Each room features a pop-out section that houses a queen-sized bed, while the middle section has a sitting area, sink and bar area, and the other end has a bathroom with a toilet and a surprisingly large shower.
Outside is a temporary deck with a fold-out awning, while bi-fold doors separate the internal and outdoor spaces.
Contained directors Anatoly Mezhov and Irene Polo say the containers are intended to unlock new spaces and experiences by offering places to stay where previously there were none.
“There are so many beautiful places to go visit … that’s how this idea was born. Let’s create a portable hotel room that’s beautiful, sustainable and comfortable, for short-term accommodation, and go out there and activate some of these spaces,” Mezhov says.
“The winery side of things is a bit of a no-brainer, but who knows? You could have people who have landholdings, islands, golf courses, an old beautiful heritage warehouse that you can’t really do much with, or rooftop car parks, you just never know.”
“You can pretty much put them anywhere.”
Mezhov and Polo say most of the containers they install will be via an arrangement where they lease land from a property owner and operate the container themselves.

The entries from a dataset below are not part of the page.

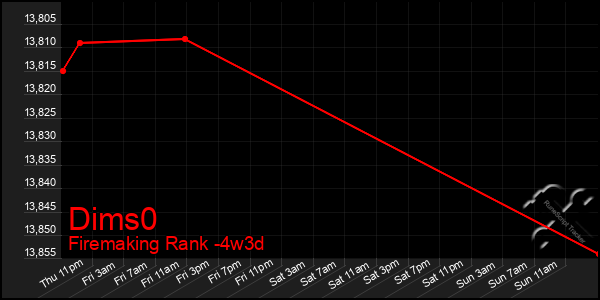 Last 31 Days Graph of Dims0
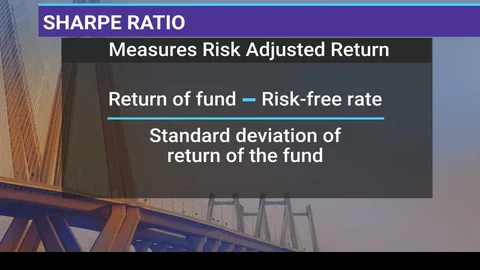 #BQMutualFundShow: How To Assess Mutual Fund Performance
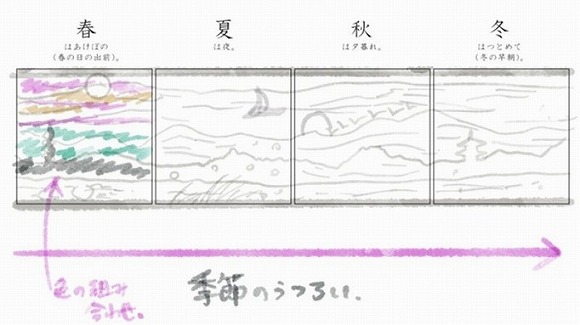 和樂web×フェリシモミュージアム部　枕草子いとをかしな風景をめでる 四季のカーテンクロスの会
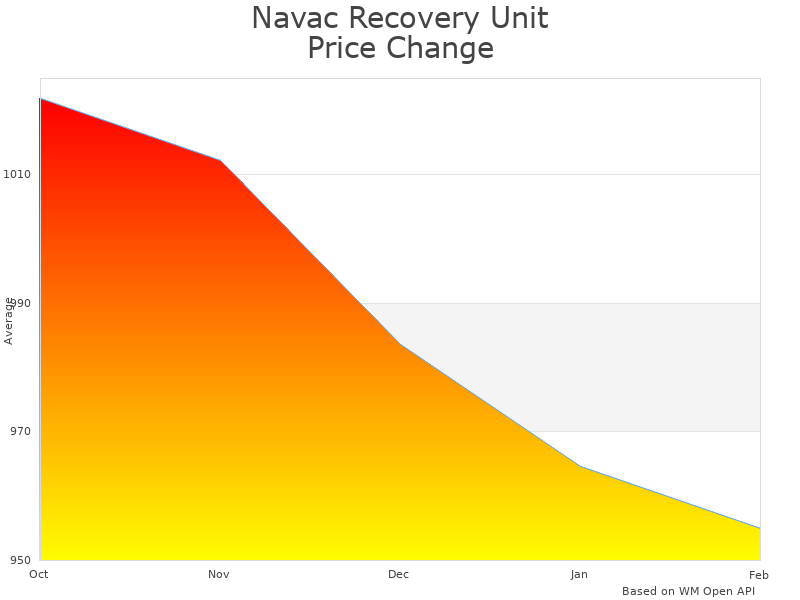 How NAVAC Recovery Unit NRDDF price was changing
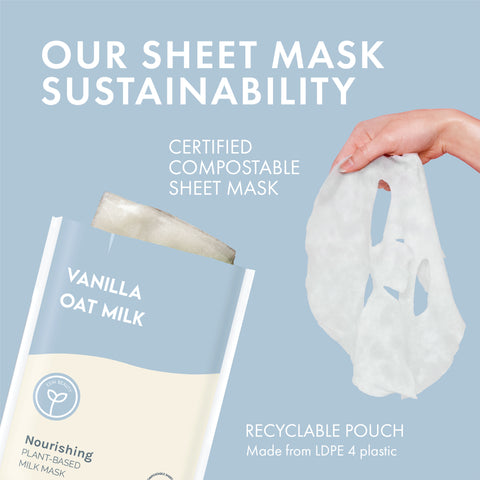 Vanilla Oat Milk Nourishing Plant-Based Milk Mask - ESW Beauty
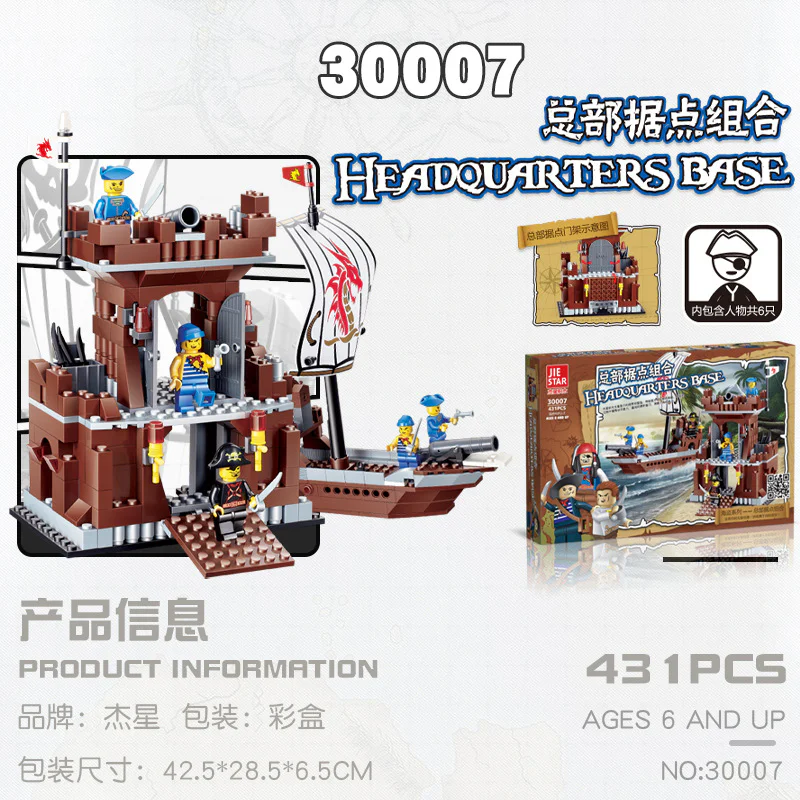 Headquarters position configuration 杰星 JIESTAR 30007 image 1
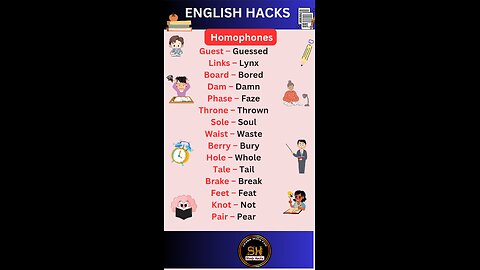 Most confusing Homophones you must know it 00 ।spoken English #studyhacks123 #english #homophones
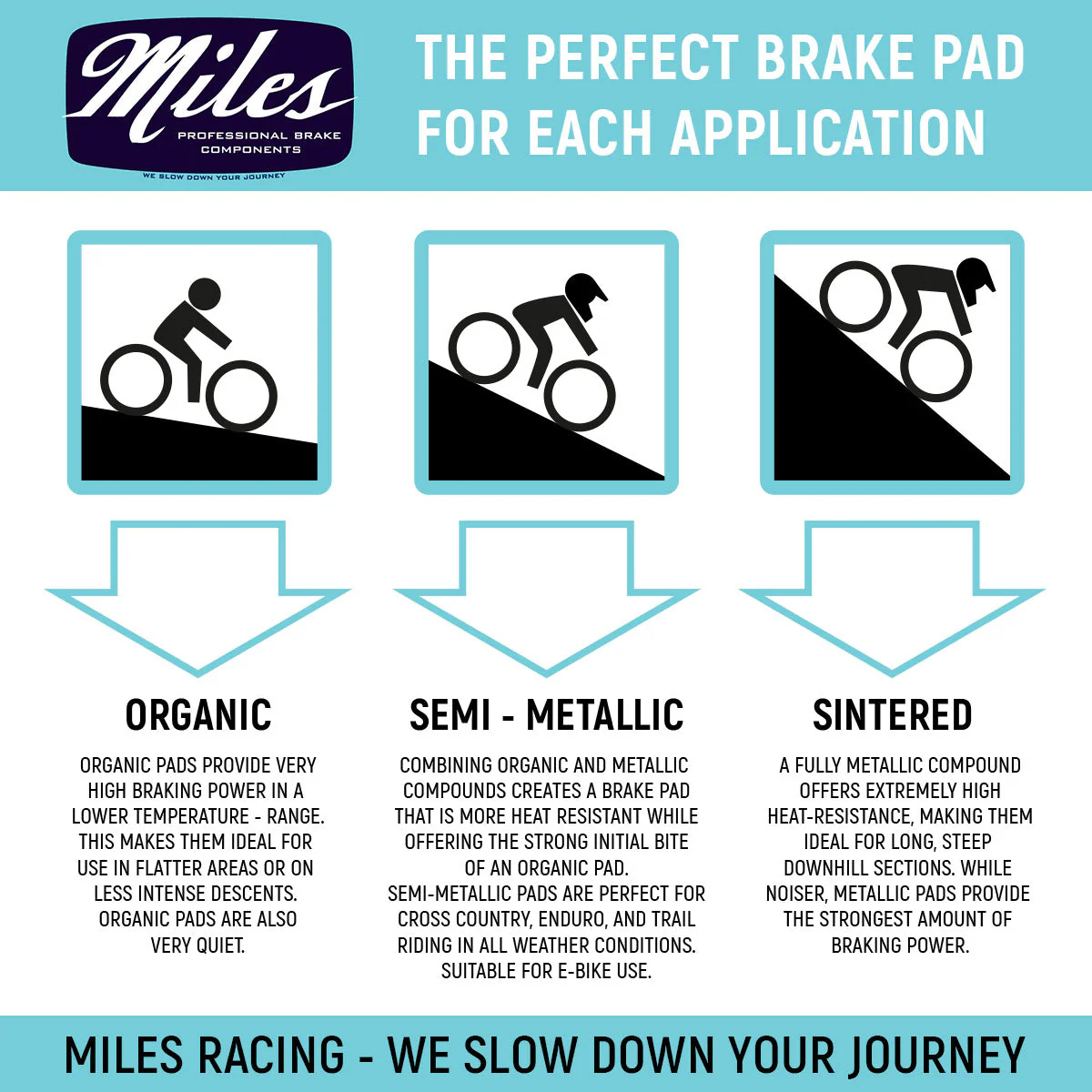 Miles Racing - Disc Pads Semi Metallic - Hayes Dominion A4 - MI-MET-49 - Image 3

“Some people might have land, a winery, but they can’t be bothered with the accommodation side of things. Or they might not have the money to invest into it, so we’ll just enter into a licensed lease arrangement with them where we rent their land, we bring the unit, we set it up and we operate it.”
Most containers require water and power sources, though Mezhov says they can be setup to collect water, generate power and treat sewage, in order to be completely off-grid.